About 500 West High School students walked out of school on Nov. 19 to protest White being placed on administrative leave. About 2,800 students attend the school.
White said he was saddened that his license was suspended but he was “grateful for the opportunity to address the difficult circumstances I faced that day.”
In addition to the intoxicated teens, the school was dealing with “a very ominous letter that was threatening suicide and murder and we had a couple of trespassers on campus that had previously injured one of our teachers quite severely,” he said.
As a combat veteran, White said he has worked closely with his therapist from the VA Hospital “to better understand the rationale and sequence of decisions I made last year as I’ve struggled with past military combat experiences, PTSD and how this impairment impacted my dream job.”
In an interview during White’s licensure hearing in October 2020, his attorney, Summer Osburn, said his defense centered on legislation intended to reform the juvenile justice system by employing school-based interventions or diversion practices.
Supporters said HB239, passed by the Utah Legislature in 2017, was one means to disrupt the “school to prison pipeline.”
“Restorative justice means you don’t call the cops for every problem at your school,” said Osburn. “Restorative justice means that you get down with your boots on the ground and you make community, family and student personal contacts that you can then use to address these kinds of problems.”
At the time of the hearing, White said aside from his own licensure, his greater fear was that other educators will not use restorative justice practice out of fear of retaliation.
Attorney Matt Schiffgen, who also represented White, said Friday that the one-year suspension was based on minor issues.
“It seems like the one-year suspension kind of gives a slap in the face to restorative justice, where we worry that it scares other administrators and educators from using those practices,” he said.
Schiffgen said White is “a good guy.

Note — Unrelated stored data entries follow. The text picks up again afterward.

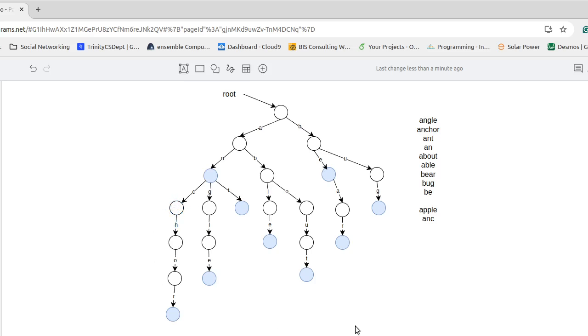So in this video, we've talked about the structure of a trie and we've talked about how we search for things on a trie. We'll come back in the next video and we will look at how we can insert and how we can delete from these tries.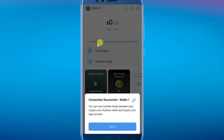Your on-chain wallet will open and you'll see a confirmation message that your connection is successful — your crypto.com account is now linked to your on-chain wallet. Tap on "Got it" to proceed.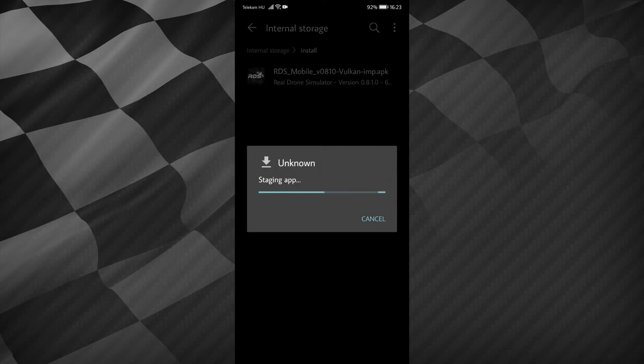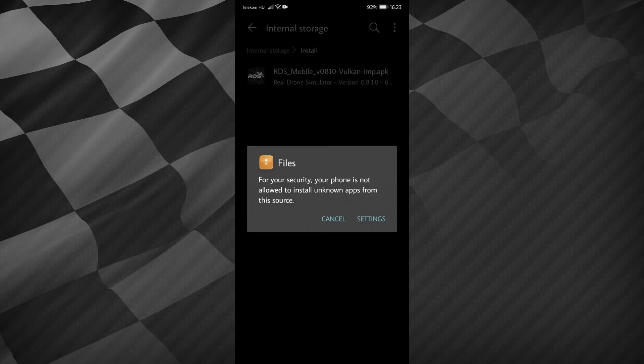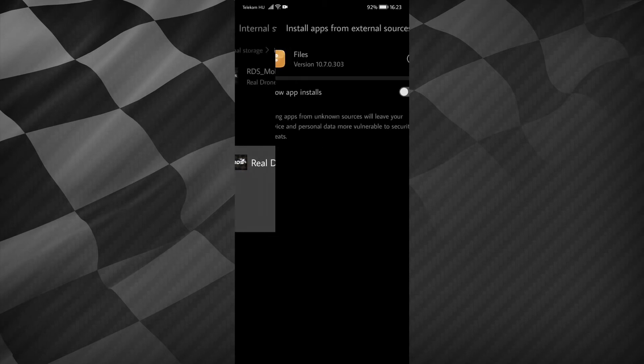It says unknown staging app. This should take 3-5 seconds. It says for your security, your phone is not allowed to install unknown apps from this source. In this case, you should go to settings and allow app installs.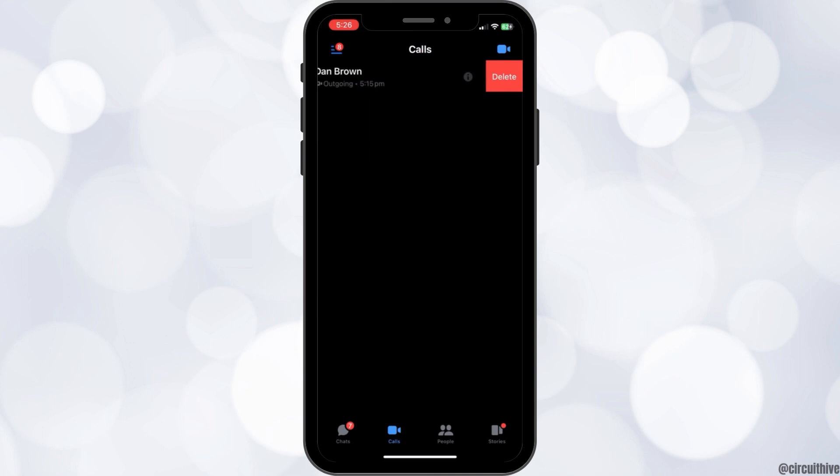This is how you can easily delete calls from call history in your Messenger application. We hope this tutorial helped you. Keep watching for more and subscribe to our channel.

It’s stupid to suspend somebody like that, who’s actually working hard and cares. I think the panel saw that for sure.”
White said he has been working as a ski instructor and has obtained a real estate license. He said he does not intend to appeal the panel’s decision.
The events occurred in what was White’s third year as principal of West. As a result of being placed on leave, he was unable to assist disenfranchised families he had worked closely with who have had a difficult time navigating remote learning during the statewide recess of in-person learning due to the COVID-19 pandemic. The school district remains in remote learning mode.
“I felt like in that position I could have said, ‘You’re not going to be forgotten. I’ve not forgotten you at any moment. You know that. I know that. So let’s get together and figure out plans that are going to work for all kids,” he said.
White said he received a lot of support but he was particularly heartened that some of the students who picketed at the school were those he had met with in his office “coming back from some sort of disciplinary action,” he said.
“They are the ones going, ‘Gosh, you know, he treated us like one of his own.’ That was a special opportunity.
“My wife and I have talked about the fact that I accomplished a lot of the goals. There’s hundreds if not thousands of kids who realize that there are good people in the system and we will do our best in our hearts, our time and our efforts to try to try to serve them as best we can.”
White said he entered a settlement agreement with the school district and was not fired.
The Salt Lake City School District had no comment, said spokeswoman Yándary Chatwin.